Why do certain facile attitudes exist and persist? There are several possible explanations:

  • you don’t know the sector and the product well: in this case, you can’t perceive the difference in value. We are talking about those that do not understand the difference between a cooking wine and a fine wine
  • you don’t need a high-end product or service
  • that product or service does not require qualified professionalism but it is preferable to outsource it for reasons of time (or desire)

The question to ask yourself to understand whether you have this differentiating factor or not, therefore, is: are you replaceable?

Not from a competitor, but from a product purchased on Amazon or from a tutorial found on Wikihow or YouTube.

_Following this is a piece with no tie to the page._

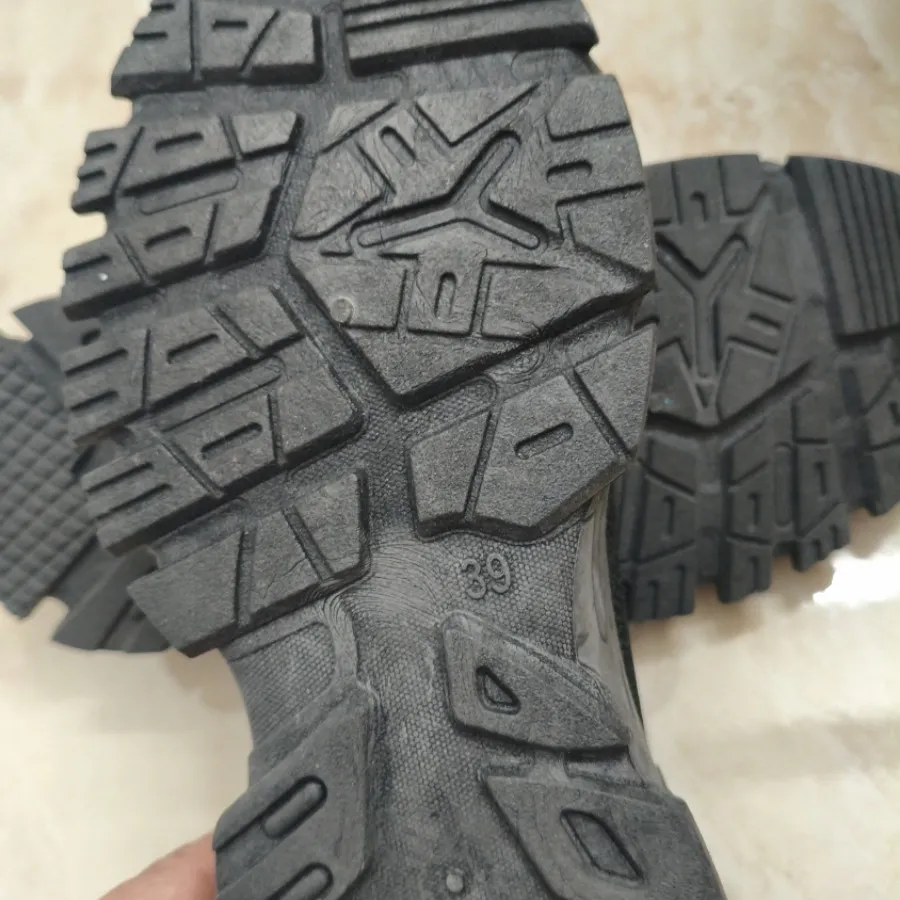 کتونی خارجی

And if you are not replaceable, are you sure everyone is understanding that? Do you effectively communicate your difference and value proposition?

Distinctiveness #2: Offer experiences, not products

What makes the difference between an elegant dinner in a starred restaurant and a quick meal in a noisy fast food restaurant?

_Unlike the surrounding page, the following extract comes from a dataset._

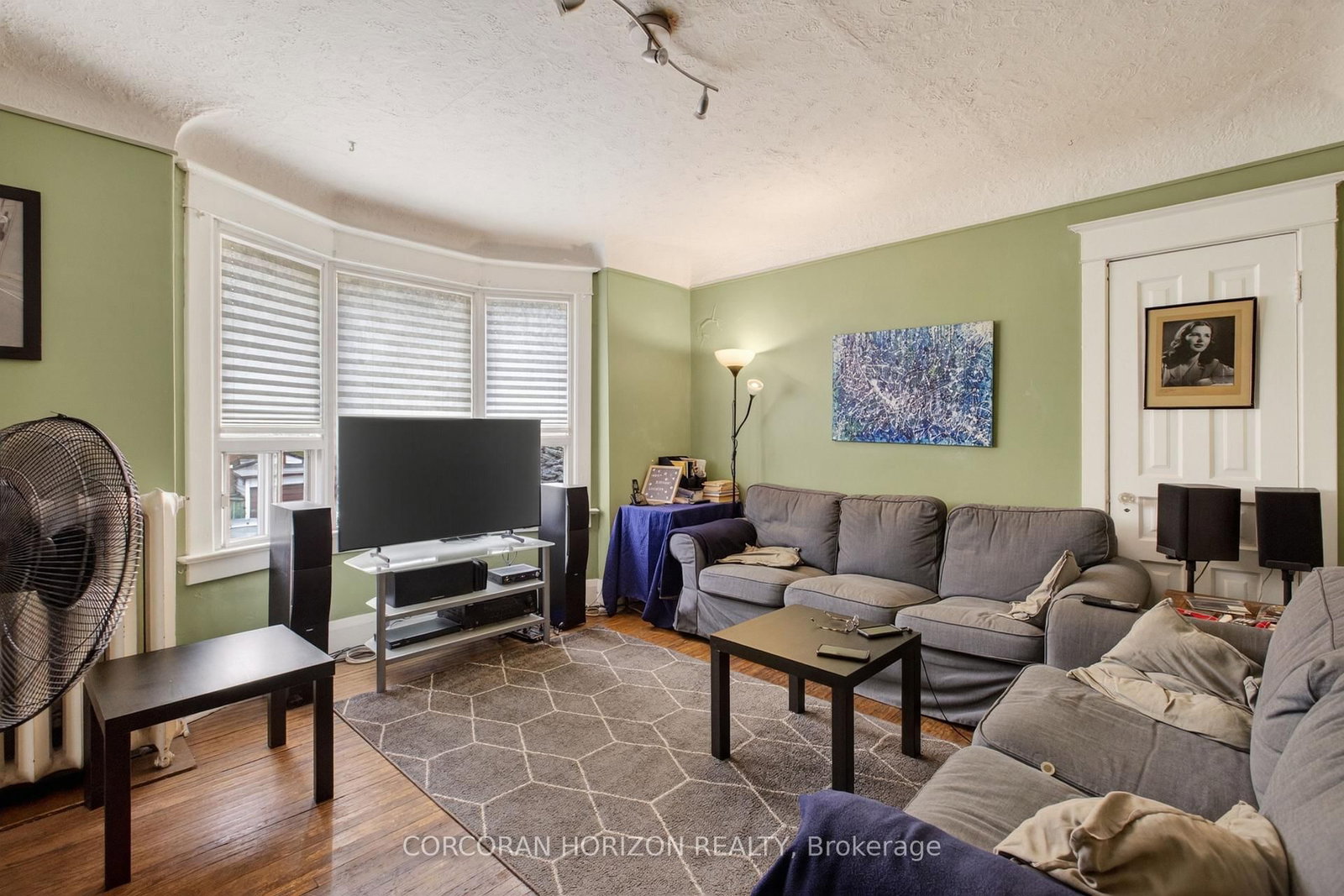 355 Parkside Drive • Toronto, ON photo 23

What’s the difference between a haircut from a city center beauty salon and one from a good suburban hairdresser?

The answer is the experience you have.

These experiences cannot be replicated at home. Full stop.

A dinner in a starred restaurant isn’t about what’s on the plate, at least not only: it’s about “dressing up”, it’s the waiting, the “studied” attitude in front of the waiter who welcomes you to take your coats and move away the chair, it’s looking around to admire the furniture pretending to be accustomed to so much luxury, tasting a gram of coral cream or risotto with gold leaf just to feel like a pasha… this is the experience.

Distinctiveness #3: Plan-ahead for a long-term vision

Focusing 100% on the experience is a double-edged sword: it can make you irreplaceable, but it can also deprive you of the possibility of a plan b.

Not everything can be replaced with the perceived value and offering an experience.

Being amazed by a spectacle of nature, getting to know new places, bathing your feet in the crystal clear waters of an island… these are experiences that cannot be replicated and will be heavily limited by the effects of the epidemic. This is why tourism will be one of the most affected sectors.

What solutions are you inspired by?

For over a month, Disney has activated promotional campaigns for bookings for the 2021 season at Disneyland.

This is why in Italy there is so much talking about promotional and communication initiatives aimed at stimulating domestic tourism. Initiatives like the RiparTiAmo manifesto or #iorestoinitalia are welcome.

Disney’s slogan, however, is not “Let’s introduce Disneyland to the French”, but “Pay now and come from all over the world in 2021”. They look beyond: monetize today, and secure the long-term. The near future will follow its own dynamics that are currently unpredictable. If there is a possibility of traveling, domestic travel will certainly be favored, so an awareness campaign from this perspective may make sense, but it is an attempt that cannot absorb all the available resources.

And you can bet that in the coming months we will see many initiatives related to tourism marketing arise. Because, in fact, it is the only way forward.

So what?

The ambition of this article is to generate a self-criticism for entrepreneurs.

What happened is something no entrepreneur could have predicted or prevented. It was a blow between the head and neck that could not be avoided. And now, although it is a natural behavior, there is no point in feeling sorry for yourself. As painful as it may be, the only way to deal with current events in a constructive way is to raise your head, look in the mirror, and make a calm self-criticism without self-justifications.

Let’s look ourselves, as entrepreneurs, straight in the eye. Let’s look at our business. Let’s put ourselves in our customers’ shoes and use our empathy to understand how we are perceived, and how the product/service we are offering is perceived TODAY, and how our professionalism is seen TODAY.

And then ask yourself: am I replaceable? Do I offer an experience? How can I look at the future with a non-sighted gaze?

Nobody saves themselves. We will not be saved by “waiting for the storm to pass”. The integration of skills will be crucial, today like never before taking a not thought-after step risks to be a costly move, one without a remedy.